On learning photography and anything really
I started taking photographs because my brother did it and I wanted to see if I could do it too. I found it fun and interesting and in time it became a way of self expression. After several years it also became a source of income.
So how did I learn doing it?
I’m seeing my learning process as a journey that hasn’t ended yet. I started with nothing but curiosity, I made a lot of mistakes, met new people and learned to pay attention. And above all, I took a lot of photographs. Like, A LOT. But let’s start with the beginning.
I started with the basics
The most important thing when learning photography is to know these three elements of the camera – the aperture, the shutter speed, the ISO – and the relationship between them. But when I started I was too impatient, I wanted things then and there. After a long process of trial and error and a lot of frustration that the images in my head were miles away from the ones I actually made, I took learning the basics seriously. So I began reading books and I also took an online free class that explained all the technical things in an easy to digest way. And then a new world opened up to me.
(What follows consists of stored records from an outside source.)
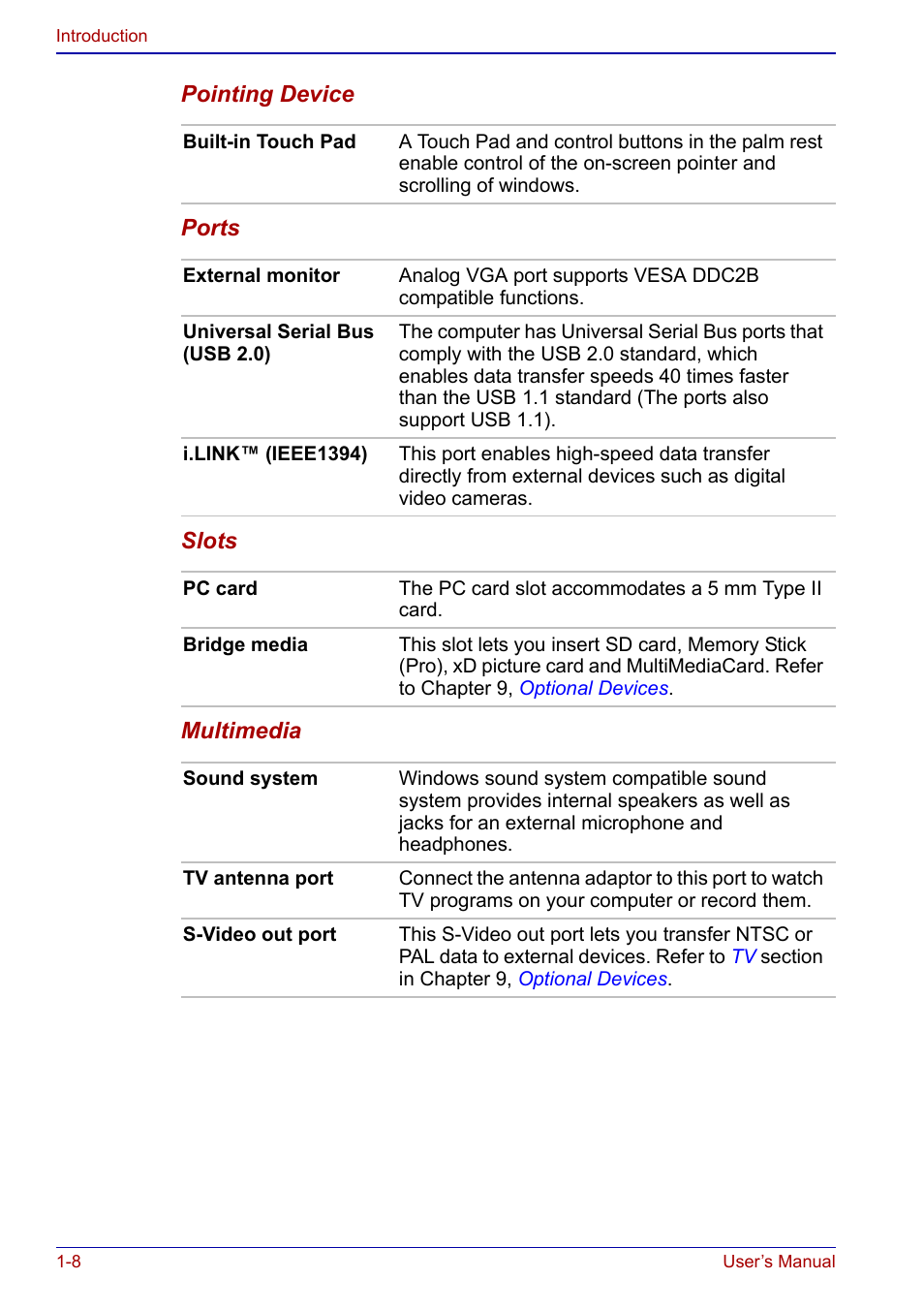 Toshiba Qosmio F20 (PQF22) User Manual | Page 34 / 282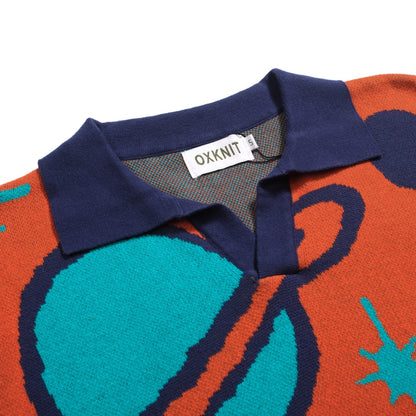 Polo vintage à col en V tricoté pour hommes, orange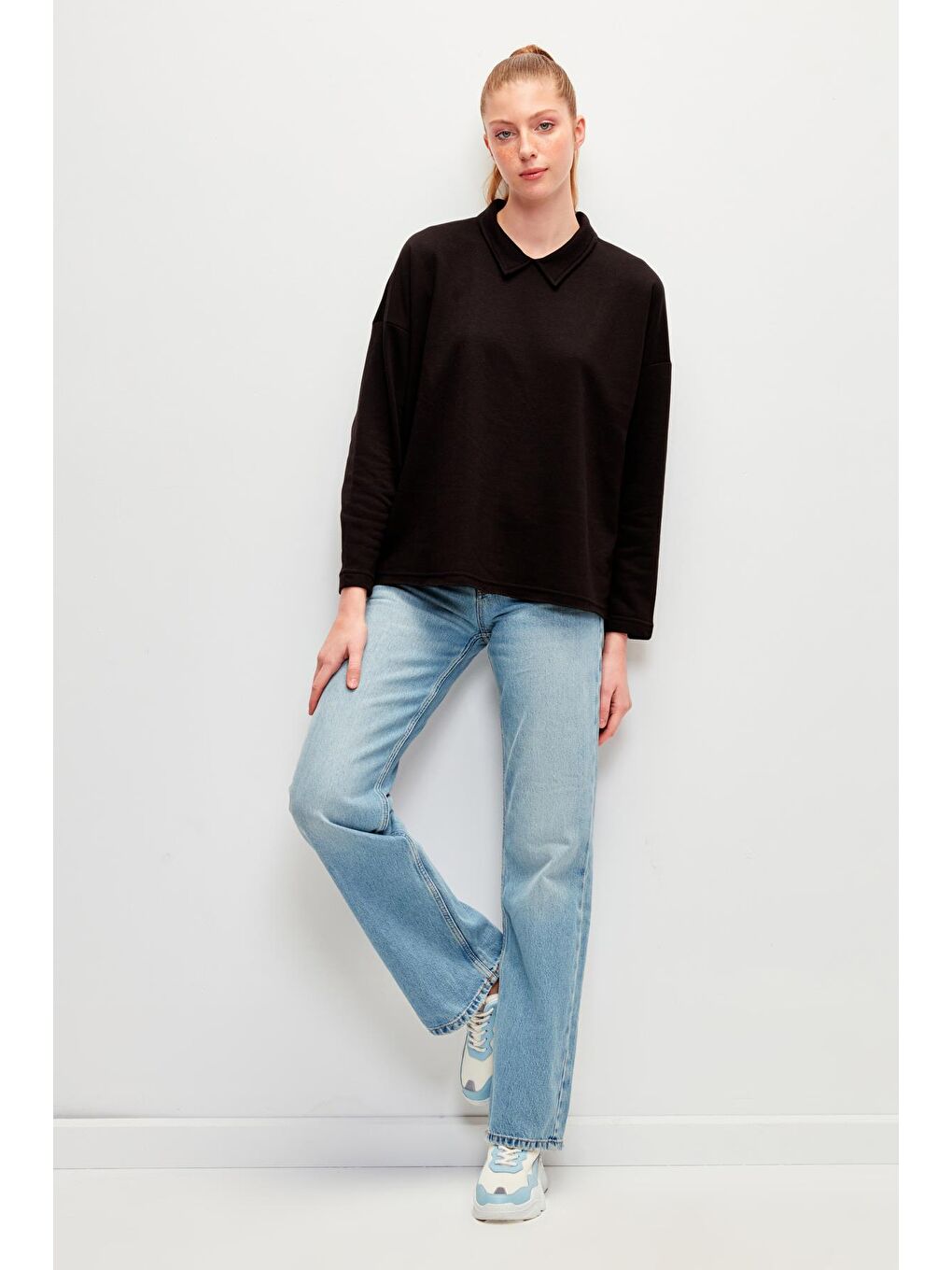 Düz Renk Uzun Kollu Polo Yaka Sweatshirt-Siyah-1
Photographing was always fun for me and I believe we learn things faster and easier if we find joy and excitement in what we do. Like most beginner photographers, I started with macros of flowers, animals or random things I found on my way. I was always delighted and curious to discover the small worlds living around me and I never stopped playing.
I learned from others
As I moved along I decided I wanted to connect with other people who were doing the same thing. I also wanted to show my photos which I believed were amazing. Needles to say they pretty much sucked. Anyway, I started joining different photography forums and communities where I got a lot of feedback, I began consuming a lot of images and educated myself visually by learning how to look and analyse photographs. I also found out the camera is less important than what you do with it and that there were photographs that despite their perfect technical delivery didn’t have much else.
I tried different things and found out what I like.
As I started doing more and more photography and got a hang on how the camera works, I began playing with a lot of different photography genres and subjects. I photographed people and building and landscapes and food to discover that what really interested me were the people. Then I began photographing them in different settings. I went to concerts and tried event photography, I worked as a trainee for professional photographers and learned how to do wedding photography, I worked at a magazine and did some commercial photography. I also took a photojournalism class where I learned I didn’t want to do that, but I learned precious lessons on how to tell a story and how to look at things.
I practiced a lot
No matter what you want to learn, the thing that will bring you most knowledge is to do the actual work. No matter how much you read or look at what others do, nothing will teach you better than practice. This is how I learned how to use my camera, how to see the light, how to compose a photograph, how to be less shy around people and how to capture emotions.
I continued learning
I am a firm believer in the act of lifelong learning. I don’t think that once you’ve finished school or passed a certain age you stop learning. Now I’m in a point where I’m looking to expand my knowledge and learn new things. I want to study more about color and light, learn stuff from other fields and use that in my photographs.
Lastly, if there’s anything I want you to take out from this article is this: start small, practice a lot and try to keep it fun as much as possible.